Scheme takes in film and TV lenders, as well as those in other cultural industries
Opening up potential new financing sources for film and TV companies in Europe, the European Commission and European Investment Fund (EIF) will launch a €121 million ($134.5 million) financing initiative to underwrite bank loans to small and medium-sized companies working in Europe’s cultural industries.
Available over the next six years, the facility, it is hoped, will generate more than €600 million ($667 million) in bank and other financial institutions’ credit finance, the European Commission said in a statement Thursday.
An effort to aid SMEs to start up or scale up, the guarantee facility will be extended to British lenders until negotiations are completed for the U.K. to withdraw from the E.U. The scheme aims to support roughly 10,000 SMEs, if loans guaranteed by the initiative averaged out at about $60,000 per credit facility, said Roger Havenith, EIF deputy chief executive.
SMEs benefiting from the program would come from not just the movie, TV, animation and video game sectors but music, cultural heritage, design, performing arts and publishing. “In some countries, you could imagine more of a focus on cultural heritage, in others on film,” Havenith said.
The Guarantee Facility addresses one of the major challenges faced by many movie and TV companies in many parts of Europe. France already operates an Ifcic bank guarantee scheme which co-guarantees credit lines extended to its film and TV industries by its two main lenders, Natixis Coficine and Cofiloisirs. Spain benefits from an Audiovisual SGR company which underwrites bank film finance. Without such guarantee schemes, many banks are reluctant to lend to film and TV companies, even when they are called upon merely to discount reliable contracts such as a pre-sale to a broadcaster.

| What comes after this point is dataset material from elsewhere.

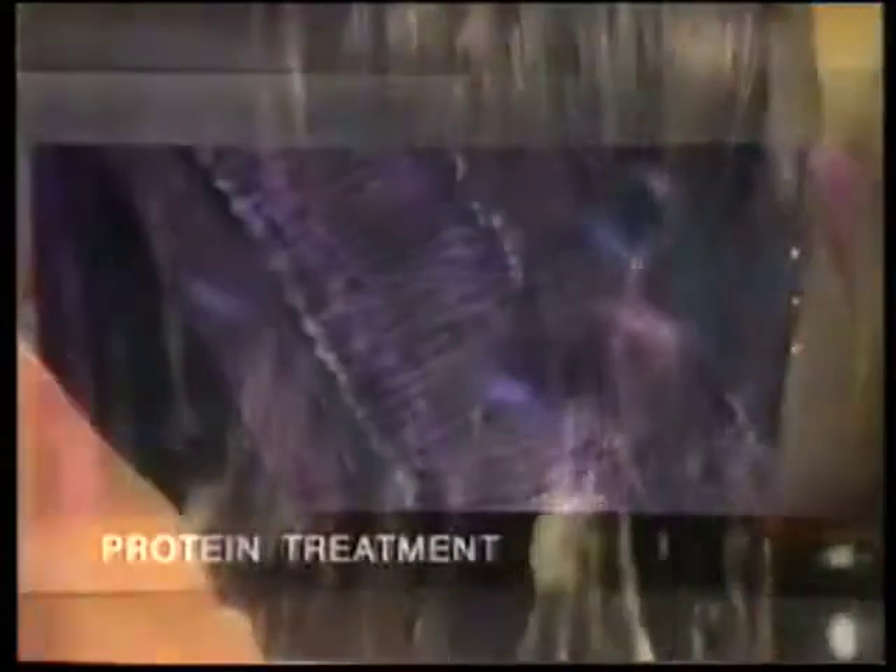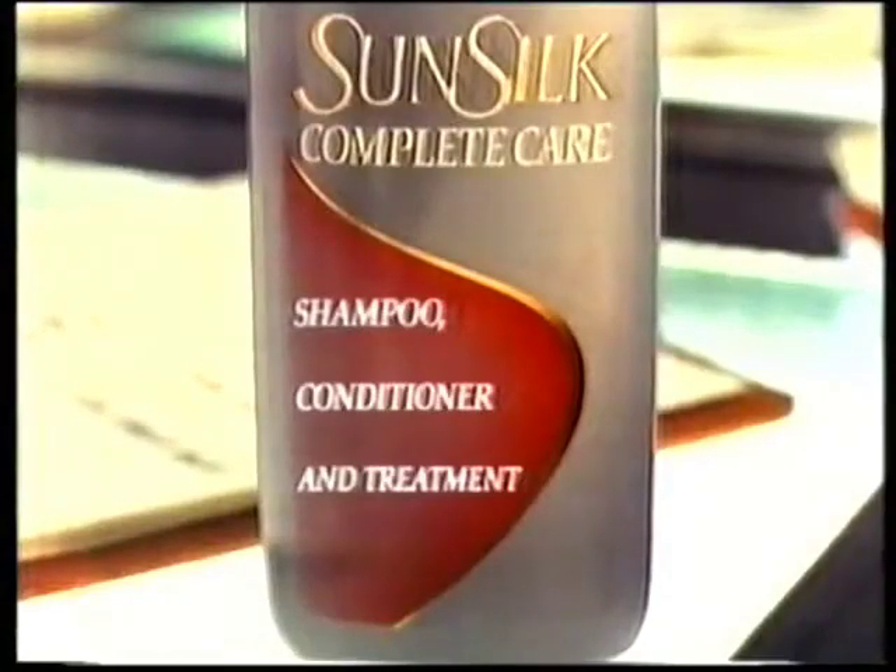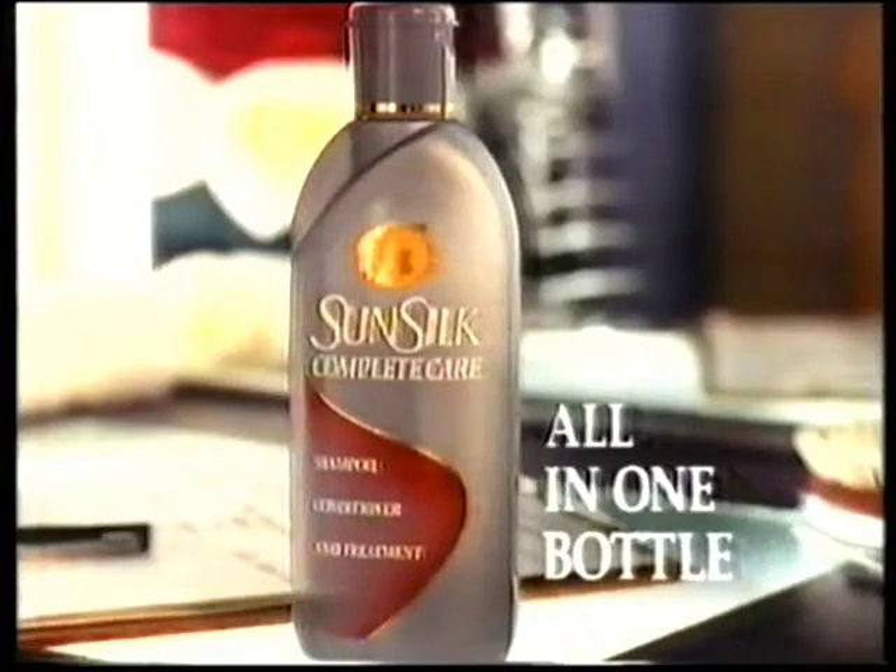Sunsilk Complete Care contains a protein treatment that encircles your hair for effective protection. No, even when you're not around, I'll still have Complete Care. For soft, shiny hair that's protected, Sunsilk Complete Care, all in one bottle.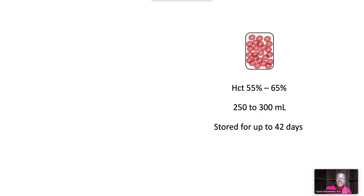Red blood cells are stored in anticoagulated plasma at a hematocrit of 55 to 65%. Each unit contains about 250 to 300 milliliters and is stored at 4 degrees C for up to 42 days.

Two reasons are banks’ lack of expertise in film and TV and the relatively low volume of business of many movie and TV companies.
The EIF now proposes to extend guarantees to more lending institutions across the whole of the 28-nation E.U.

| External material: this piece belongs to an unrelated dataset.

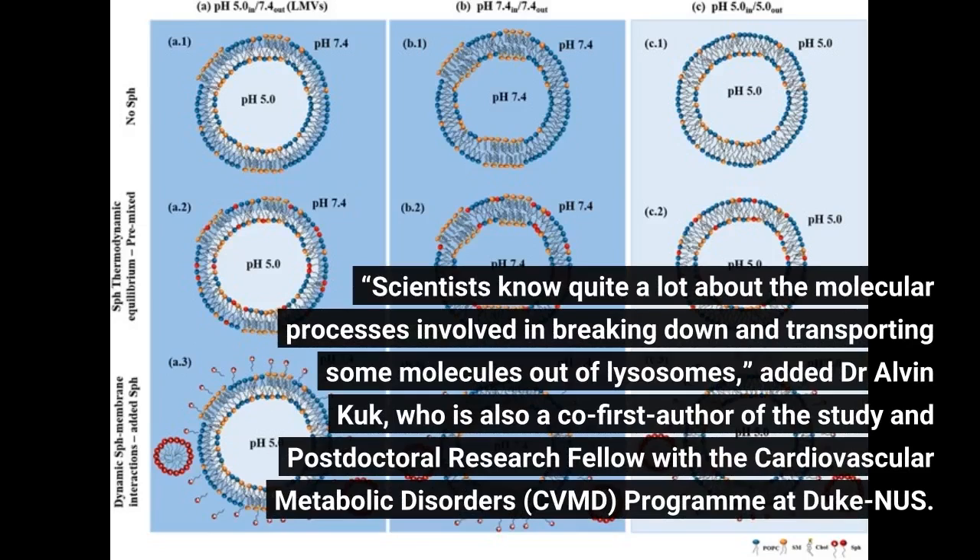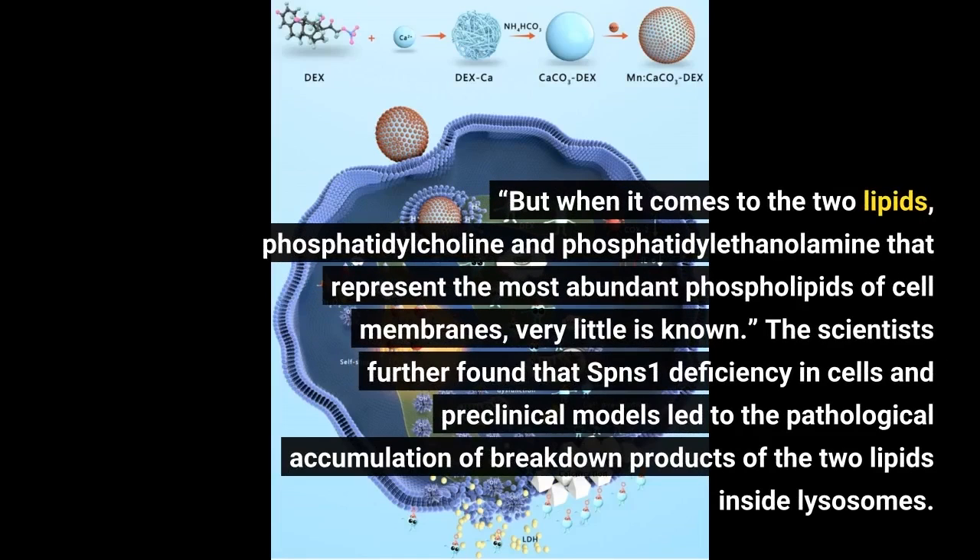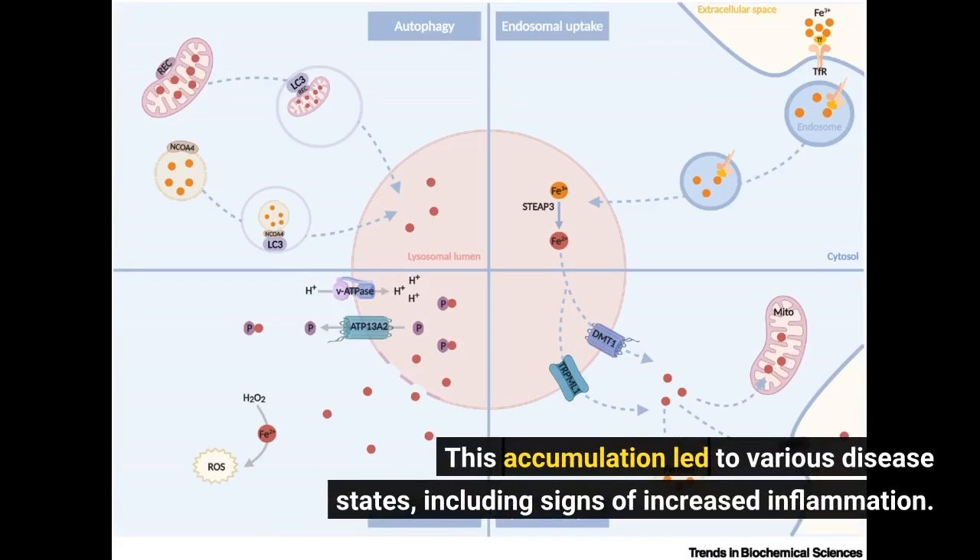Scientists know quite a lot about the molecular processes involved in breaking down and transporting some molecules out of lysosomes, added Dr. Alvin Cook, co-first author of the study and postdoctoral research fellow with the Cardiovascular Metabolic Disorders, CVMD, program at Duke-NUS. But when it comes to the two lipids — phosphatidylcholine and phosphatidylethanolamine — that represent the most abundant phospholipids of cell membranes, very little is known. The scientists further found that SPNS1 deficiency in cells and preclinical models led to pathological accumulation, causing various disease states including signs of increased inflammation.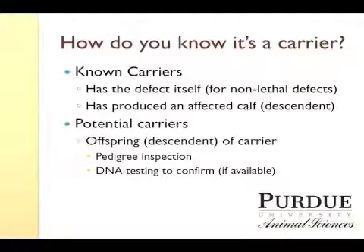It may be a grand offspring or even a great grand offspring. Since most genetic defects are recessive traits, it takes two genes for them to be expressed, and it may be a generation or two before it shows up. You should also realize you have potential carriers whenever they are offspring or further descendants of animals that themselves were carriers. You'd know this first by pedigree inspection, and then it could potentially be confirmed with a DNA test if that test is available for the particular trait you're concerned with.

“Undoubtedly, the new facility is very, very useful for companies in Italy and Spain, for instance, which have very few banks dealing with the film and TV sectors,” said Jean-Baptiste Babin, co-founder of Paris-based Backup Media, a film producer, financier and consultancy company.
As another part of the new $134-million initiative, formally called the Cultural and Creative Sectors Guarantee Facility, the EC and EIF, a Luxembourg-based and E.U.-backed risk financier, will also seek to train banks and other financial institutions to understand culture industry business models and risk exposure.

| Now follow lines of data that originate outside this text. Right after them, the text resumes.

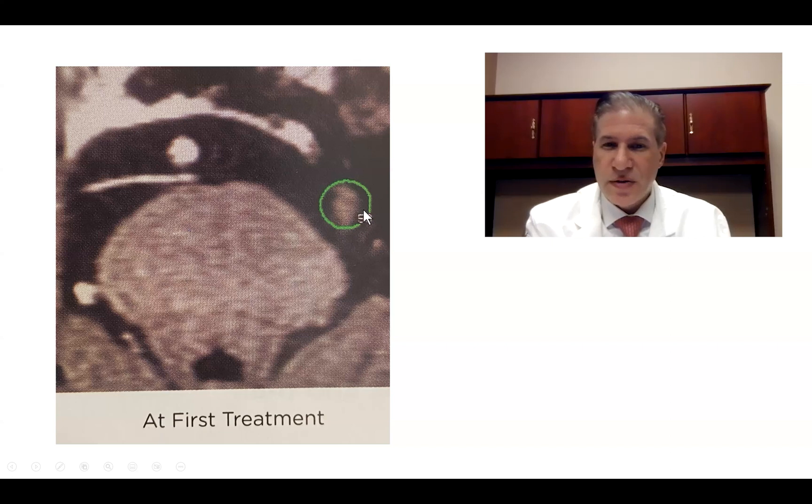Here's the 50% isodose line using a 4-millimeter collimator. I usually treat 85 Gray to the 50% isodose line for MS patients. For non-MS patients, I usually use 80 Gray.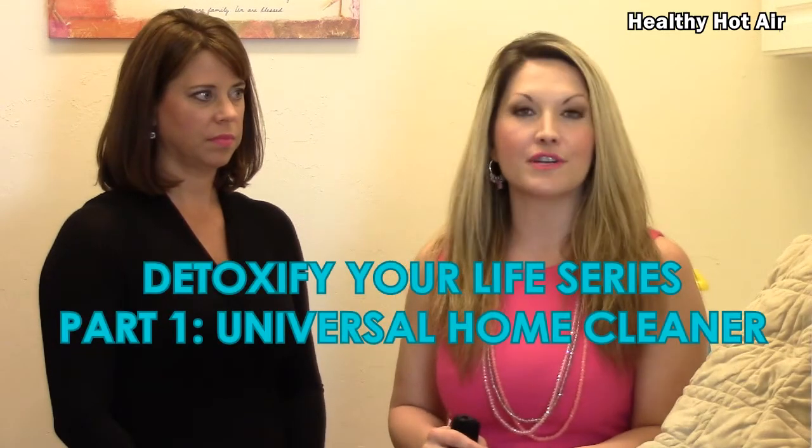We're in my laundry room. Camden Smith with you here on Healthy Hot Air. What are we doing in here? I want to detoxify my life of bad people and also the toxins that I'm using in my house from cleaners and even facial products. Today we're starting with laundry detergent.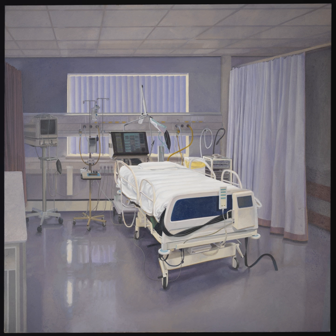Besides dealing with critical illness of the nervous system, neurointensivists also treat the medical complications that may occur in their patients, including those of the heart, lung, kidneys, or any other body system, including treatment of infections.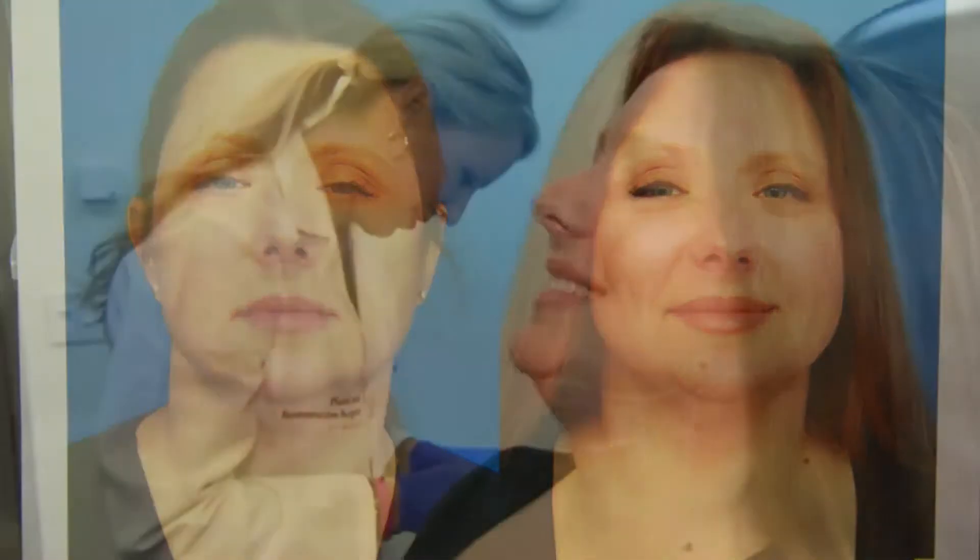For the first time, Dr. Vander Kolk is able to offer patients a non-surgical way to fix this area.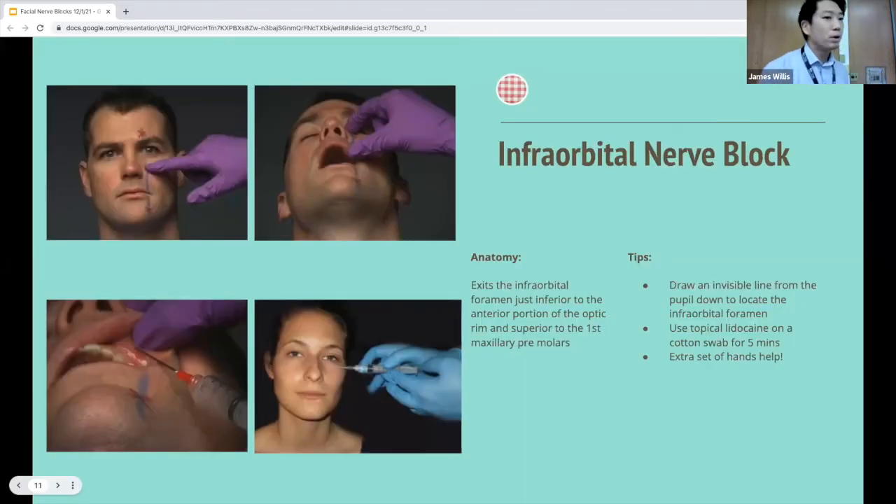For the infraorbital nerve block, there are two approaches using the pupil as a landmark and palpating the inferior orbital rim. Some patients won't want a needle close to their eye, so the intraoral approach is often preferred. A good intraoral landmark is the premolars, angling the needle toward the inferior orbital rim. Alternatively, the superficial approach involves palpating the foramen and inserting directly. This block provides anesthesia to the lower lid, medial cheek, side of the nose, and upper lip.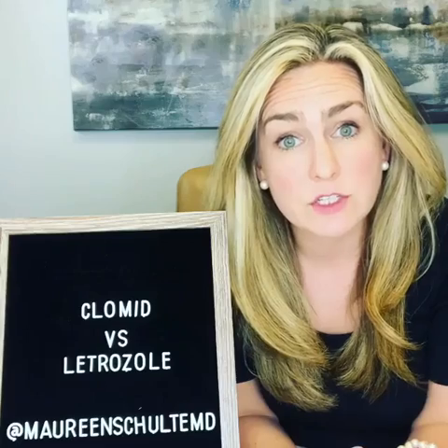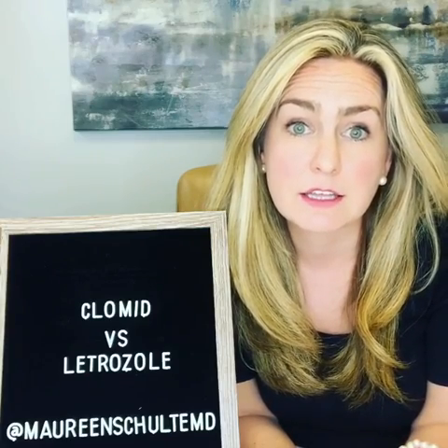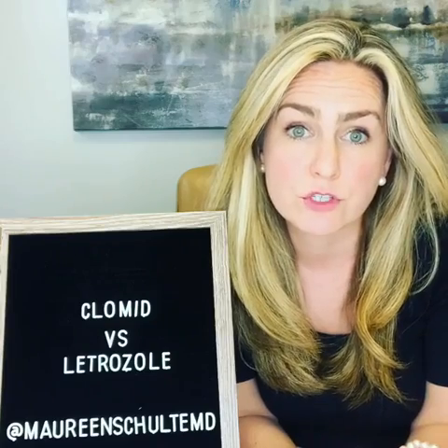We induce ovulation in women who have anovulatory cycles — they don't ovulate or release an egg from their ovary. These two medications have similar effects on the body but different mechanisms of action. Clomid works at the level of the brain by blocking the estrogen receptors, and Letrozole works at the level of the ovary by blocking the aromatase enzyme and tricking your body into thinking that there are low levels of estrogen around.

This seems essential. “In tough economic conditions, banks are more reluctant to step into the creative industry lending,” Babin said.
Havenith commented that the EIF and European Commission had received “a very high level of response” from lenders expressing an informal interest in the Guarantee Facility.
The EIF and Commission have been developing the Guarantee Facility for at least five years, having launched a pilot scheme in 2011, said Lucia Recalde, head of the Creative Europe Media Program. “There has been a lot of dialogue with financial institutions. The uptake is likely to be quite significant,” she said.
Backed by €6 million ($8.5 million) of funding, the test program operated via France’s Ifcic, Spain’s Audiovisual SGR and German regional banks.
The EIF will publish a call for expression of interest from eligible financial institutions “in the next few days,” said Havenith.
Financial institutions involved in the EIF facility initiative can include not only banks but guarantee schemes. EIF guarantees’ risk exposure will be up to 70% of risk involved in individual loans, he added.
The EIF Guarantee Facility will be promoted at events such as the Venice Film Festival and via Media Program desks in individual countries, Recalde anticipated.
“We are helping them to get the bank loans they would normally not get,” Günther H. Oettinger (pictured), the E.U. digital economy commissioner, said in a statement.